[PROBLEM]
Could you output exactly the lines running from the one containing "Mobile per Lettiera" to the final line of the listing below, leaving out pictures?

[GIVEN DATA]

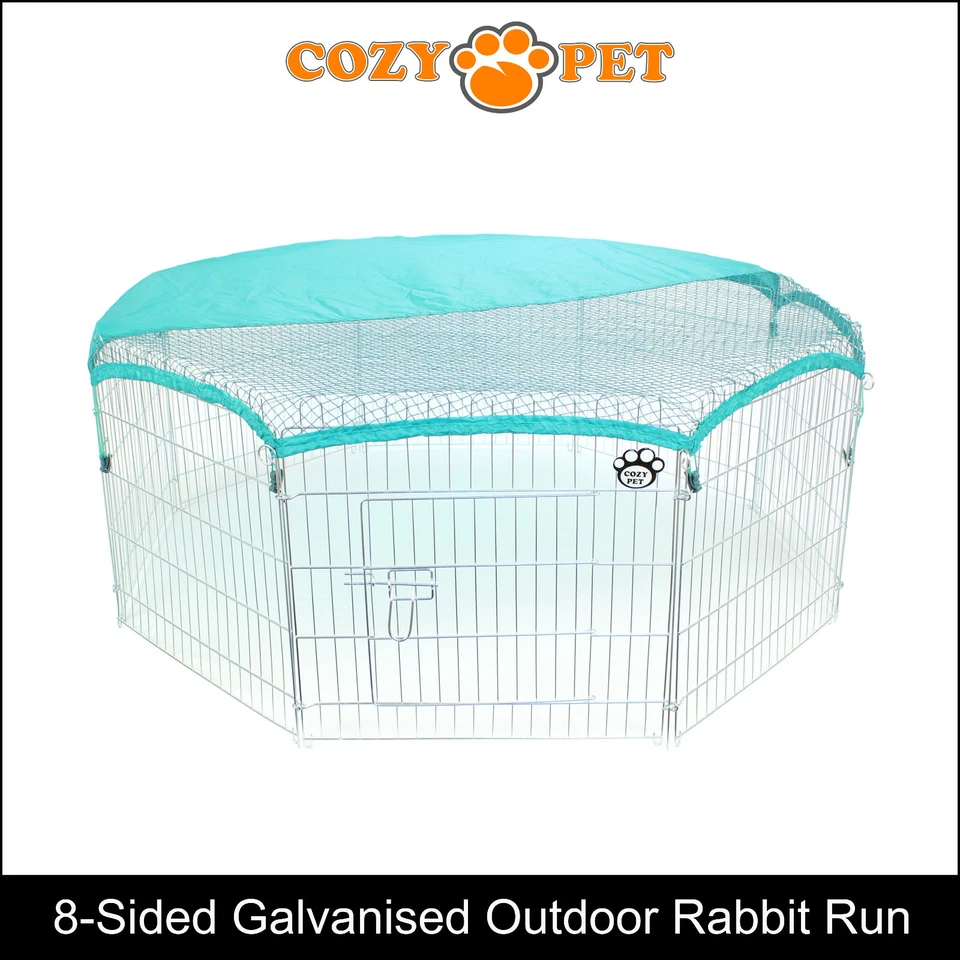 Rabbit Run by Cozy Pet Galvanised for Outdoor Use Guinea Pig Playpen Hutch RR02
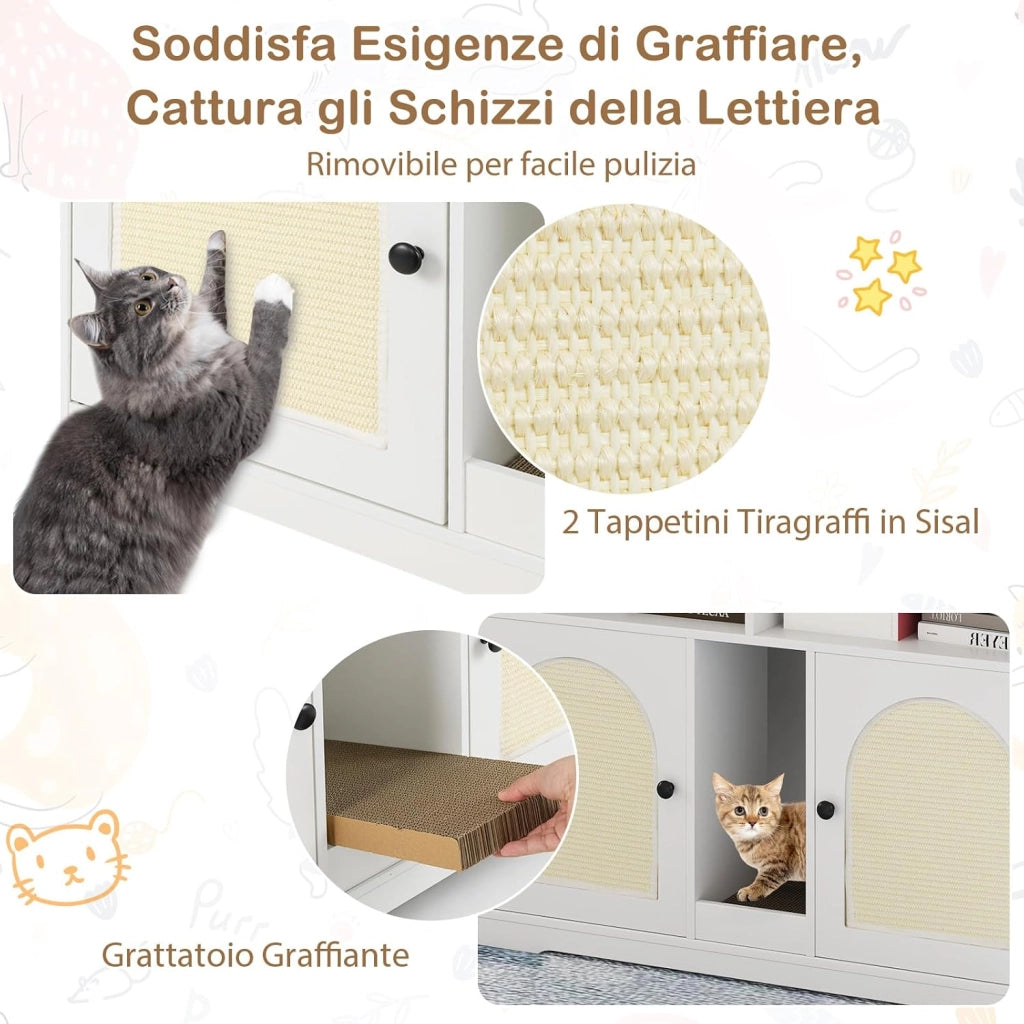 Mobile per Lettiera per Gatti, Cassetta per Gattini con Ripostiglio, Doppie Stanze, Tavola da Graffiare e 2 Tappetini in Sisal, Cuccia per Gatti da Interno, 76 x 53 x 74 cm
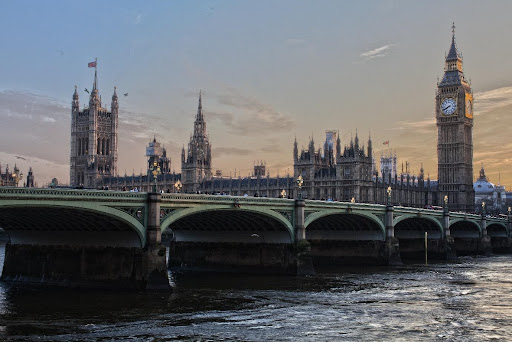 View of the Big Ben clock in London.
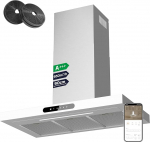 Ciarra Dynamic A+++ Extractor Hood 90 cm Recirculation CBCW9102 App SensorTouch Operation Extractor Hood 650 m&sup3;/h with Dimmable LED Lighting Wall Hood Stainless Steel Glass White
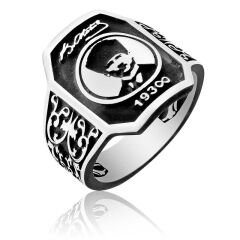 Silver Ataturk Silhouette Men's Ring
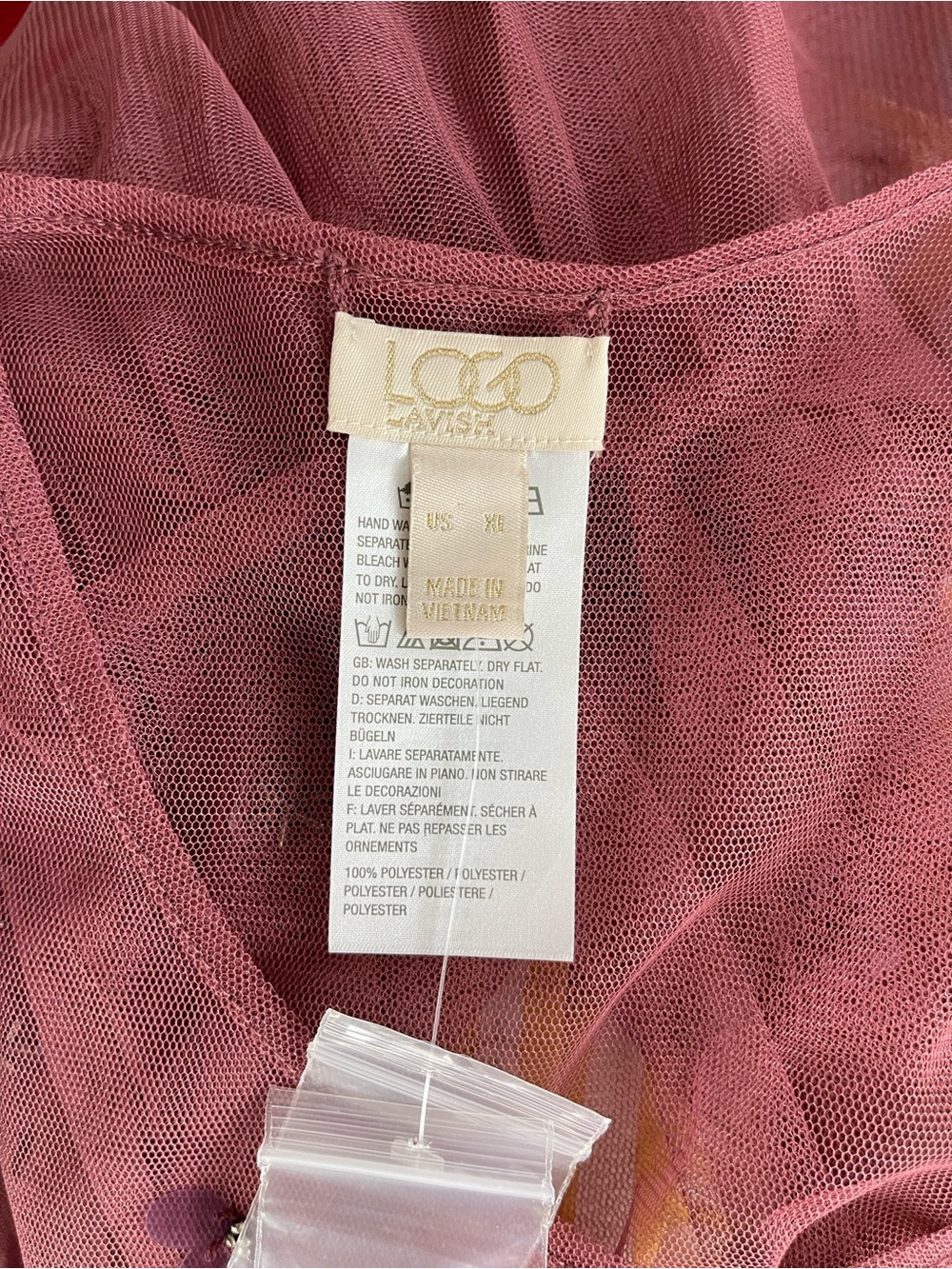 nwot LOGO LAVISH Lori Goldstein pink mesh sequin embellished vest event - Picture 7 of 7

[THE COMPLETED TASK]
 Mobile per Lettiera per Gatti, Cassetta per Gattini con Ripostiglio, Doppie Stanze, Tavola da Graffiare e 2 Tappetini in Sisal, Cuccia per Gatti da Interno, 76 x 53 x 74 cm
 View of the Big Ben clock in London.
 Ciarra Dynamic A+++ Extractor Hood 90 cm Recirculation CBCW9102 App SensorTouch Operation Extractor Hood 650 m&sup3;/h with Dimmable LED Lighting Wall Hood Stainless Steel Glass White
 Silver Ataturk Silhouette Men's Ring
 nwot LOGO LAVISH Lori Goldstein pink mesh sequin embellished vest event - Picture 7 of 7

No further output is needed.